*** Opening The data ***

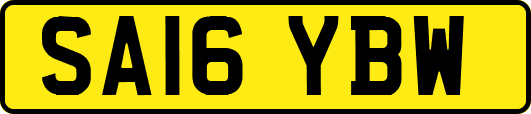SA16YBW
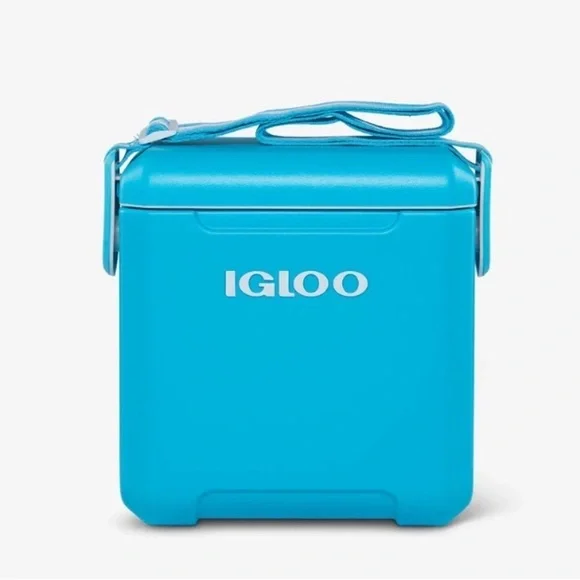 Igloo 11 Qt Tag Along Crossbody Cooler Turquoise New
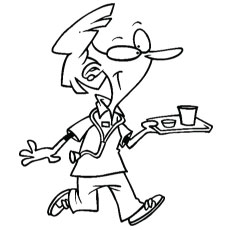 230x230 Top 25 Free Printable Nurse Coloring Pages Online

*** Closing The data ***

Instructions to follow:
Starting at the line with "Igloo 11 Qt" and stopping at the final line of the material, reproduce each line exactly, both ends included. Leave the pictures out.

Response to this exercise:
 Igloo 11 Qt Tag Along Crossbody Cooler Turquoise New
 230x230 Top 25 Free Printable Nurse Coloring Pages Online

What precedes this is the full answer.